Abstract

INTRODUCTION: Our group demonstrated IDH1/2-mutated gliomas harbor intrinsic homologous recombination (HR) defects mediated by 2-HG, conferring sensitivity to PARP-inhibitors. We studied pamiparib, a CNS-penetrant PARP-inhibitor with potent PARP-trapping ability, in combination with TMZ and radiation in IDH1/2-mutated gliomas and its pharmacokinetics to demonstrate CNS penetrance. METHODS: We performed DNA-repair functional studies with in-vitro short- and long-term viability assays, and in-vivo studies utilizing an intracranial rat glioma model with bioluminescence imaging. Pharmacokinetics was measured with LCMS/MS from harvested tumor, normal brain, and blood. RESULTS: In-vitro viability assays in paired isogenic IDH1-wildtype and mutant U87 cells showed the IDH1 mutation conferred several-fold enhanced sensitivity to TMZ, as expected. Differential TMZ sensitivity was less pronounced in HCT116 cells, as expected given higher MGMT expression. ELISA confirmed PARylation inhibition by pamiparib at the nanomolar range in a dose-dependent manner. Enhanced pamiparib sensitivity was seen in IDH-mutant U87 and HCT116 cells compared to wildtype. Pamiparib and TMZ demonstrated synergistic interactions in U87 cells, dependent upon IDH1 mutation status.

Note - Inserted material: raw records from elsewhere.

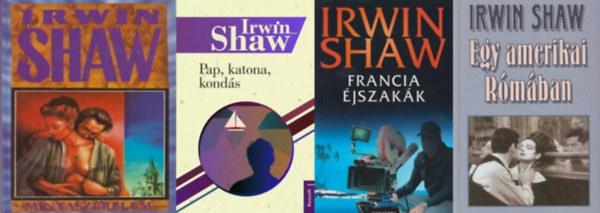 Irwin Shaw - 4 db Irwin Shaw reg�ny: Francia �jszak�k + Egy amerikai R�m�ban + Mintaszerelem + Pap, katona, kond�s
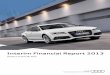 Interim Financial Report 2013 - Audi · performance of the Audi Group is a prime target for the searchlight of public attention. In our 2013 Interim Financial Report we turn the spotlight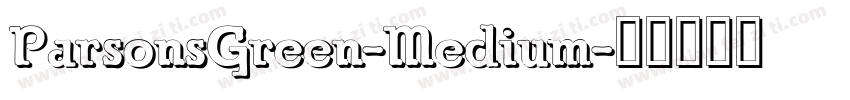ParsonsGreen-Medium字体转换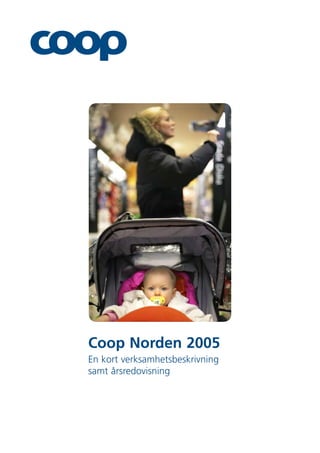 Coop Norden 2005
En kort verksamhetsbeskrivning
samt årsredovisning
 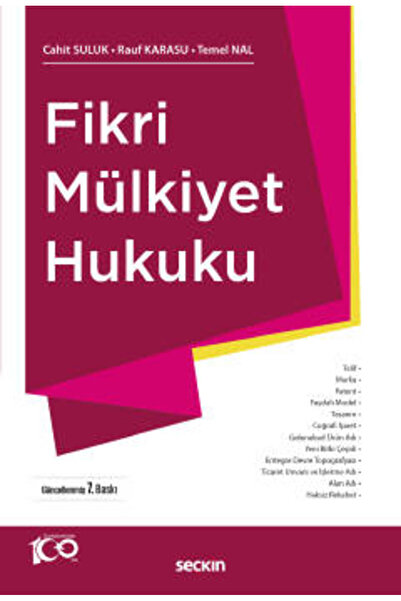 Seçkin Yayıncılık Fikri Mülkiyet Hukuku Doç. Dr. Cahit Suluk,Prof. Dr. Rauf K...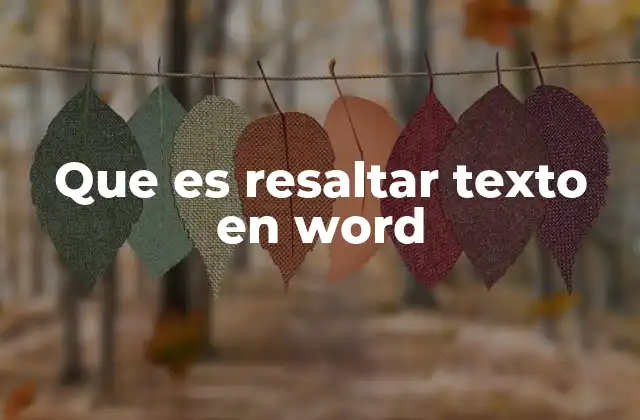 Cómo resaltar texto en Word mejora la legibilidad y organización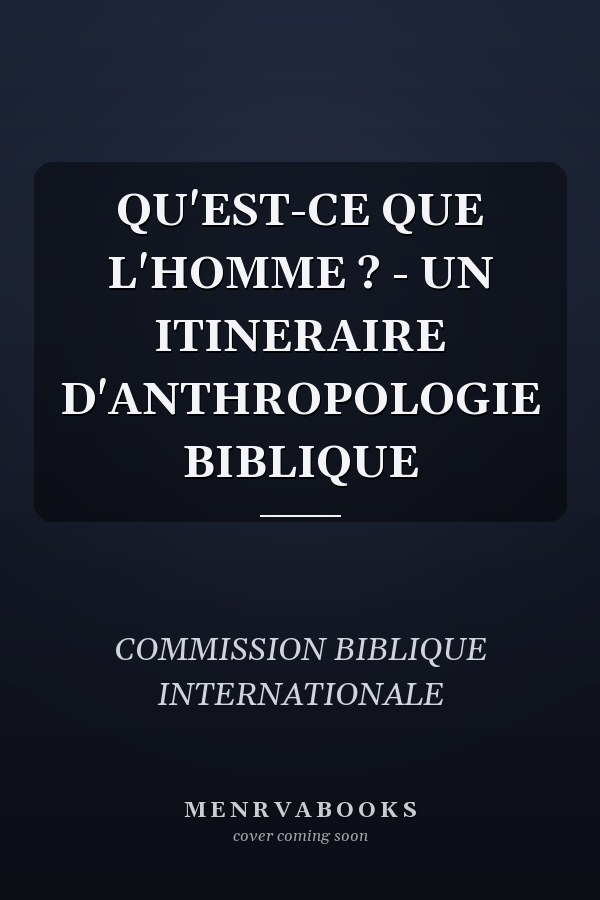 QU'EST-CE QUE L'HOMME ? - UN ITINERAIRE D'ANTHROPOLOGIE BIBLIQUE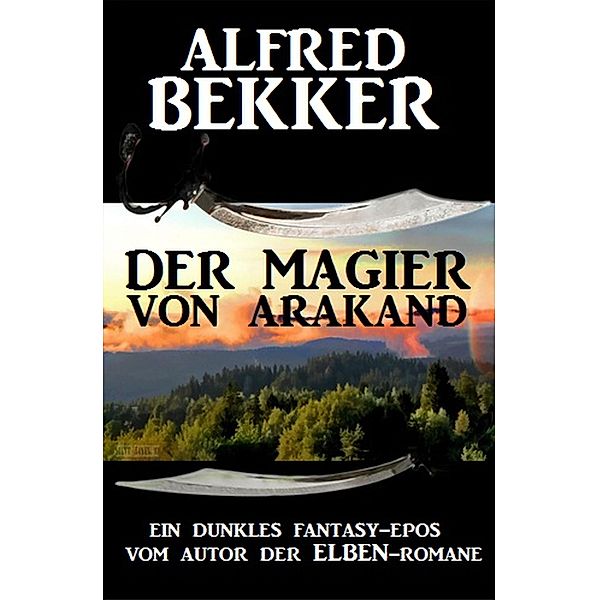 Ein dunkles Fantasy-Epos: Der Magier von Arakand, Alfred Bekker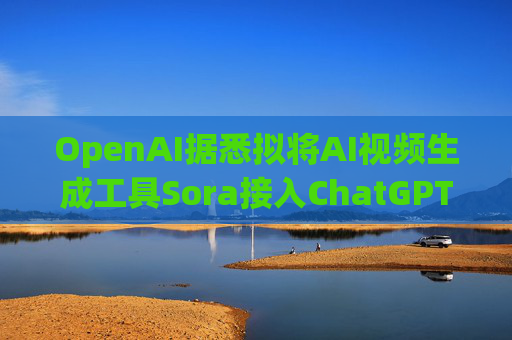 OpenAI据悉拟将AI视频生成工具Sora接入ChatGPT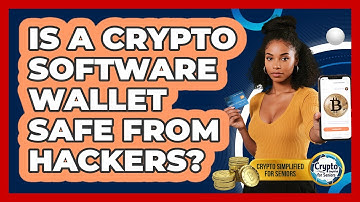 Is A Crypto Software Wallet Safe From Hackers? - Crypto Simplified for Seniors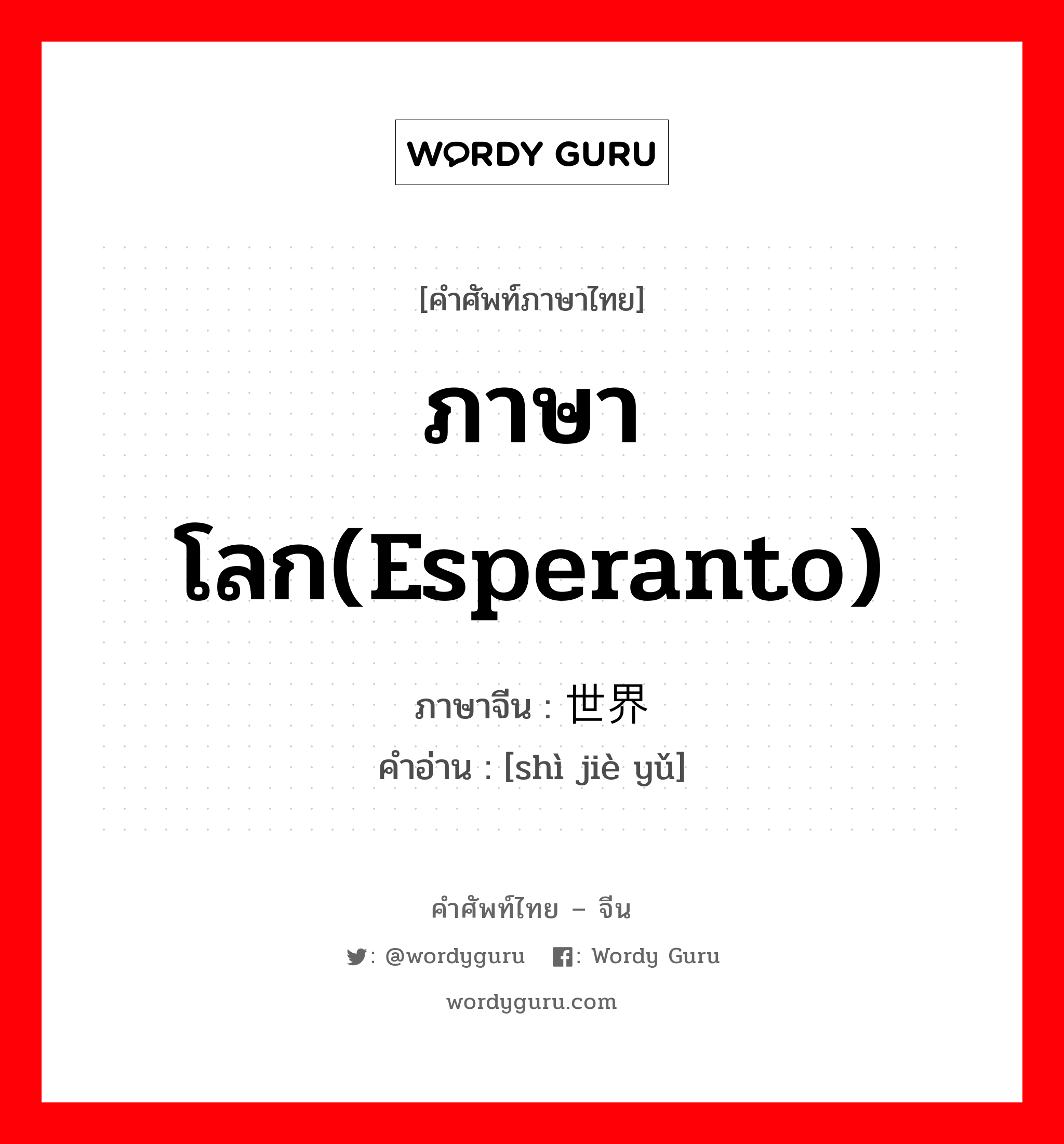 ภาษาโลก(Esperanto) ภาษาจีนคืออะไร, คำศัพท์ภาษาไทย - จีน ภาษาโลก(Esperanto) ภาษาจีน 世界语 คำอ่าน [shì jiè yǔ]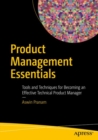 Product Management Essentials : Tools and Techniques for Becoming an Effective Technical Product Manager - Book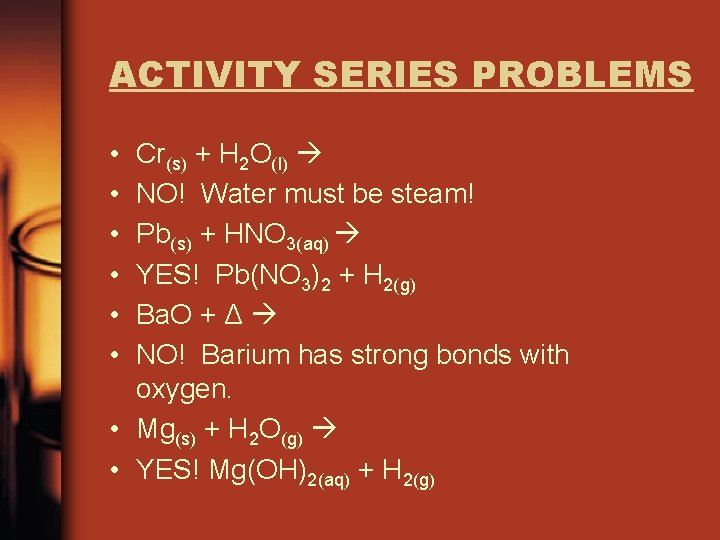 ACTIVITY SERIES PROBLEMS • • • Cr(s) + H 2 O(l) NO! Water must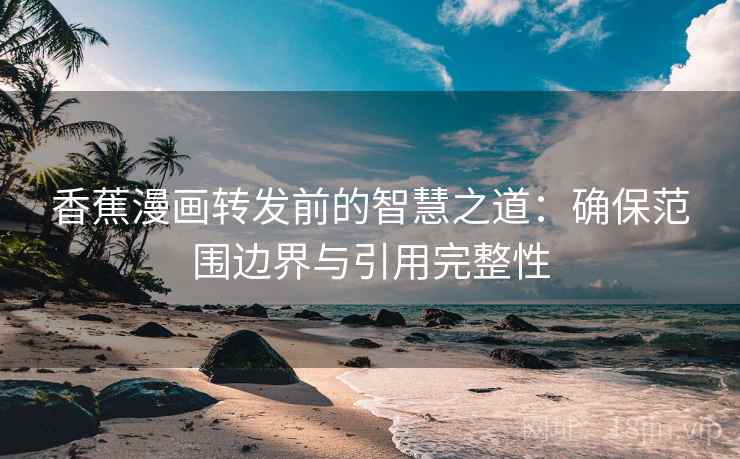 香蕉漫画转发前的智慧之道：确保范围边界与引用完整性
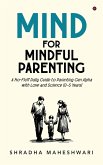MIND for Mindful Parenting MIND for Mindful Parenting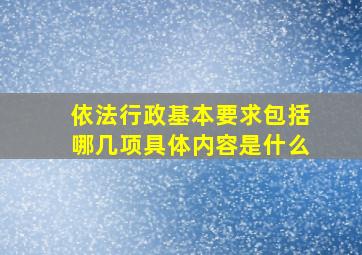 依法行政基本要求包括哪几项具体内容是什么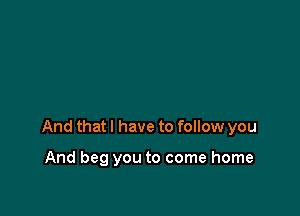 And that I have to follow you

And beg you to come home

In HCT116 cells, TMZ resistance was overcome with pamiparib in wildtype and mutant cells but notably at lower doses in mutant cells. Synergy was observed with pamiparib and radiation in U87-mutant, compared to wildtype cells. Pharmacokinetics demonstrated favorable CNS penetration with tumor:plasma ratios (>0.20) with 3 mg/kg and 6 mg/kg doses of pamiparib, orally administered BID to rats harboring RG2-cell intracranial tumors. These levels persisted between 2- and 8-hours after last dosing. Pamiparib selectively penetrated tumors over normal brain with normal brain:plasma ratios <0.20. CONCLUSIONS: Pamiparib may selectively target IDH1/2-mutated gliomas and act synergistically with TMZ and radiation to exploit intrinsic HR defects. Pharmacokinetics suggest favorable CNS penetration after BID oral administration.